> [Recorded information]
Segment Open

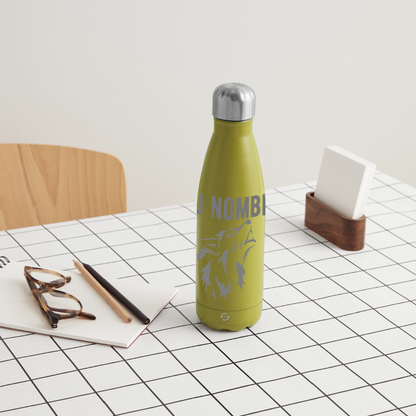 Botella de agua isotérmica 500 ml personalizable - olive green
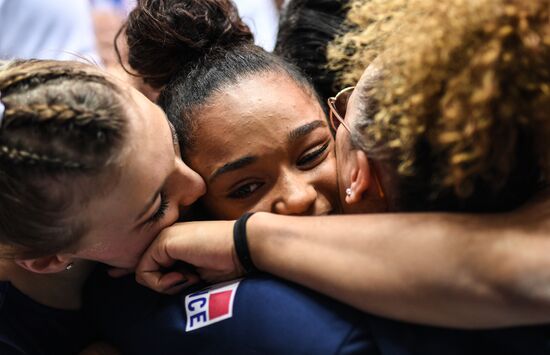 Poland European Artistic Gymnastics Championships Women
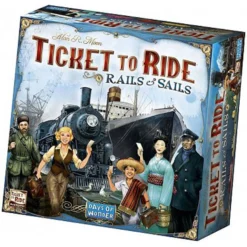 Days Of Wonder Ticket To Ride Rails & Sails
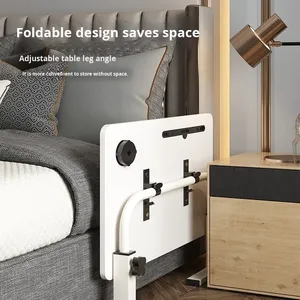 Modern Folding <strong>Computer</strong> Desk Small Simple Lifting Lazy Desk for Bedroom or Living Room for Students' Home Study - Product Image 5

Segment Closed

> [Action item]
Begin at the line containing "Poland European Artistic" and stop at the last line of the data. Repeat only those lines, exactly, and leave out the pictures.

> [Exercise result]
 Poland European Artistic Gymnastics Championships Women
 Days Of Wonder Ticket To Ride Rails & Sails
 Modern Folding <strong>Computer</strong> Desk Small Simple Lifting Lazy Desk for Bedroom or Living Room for Students' Home Study - Product Image 5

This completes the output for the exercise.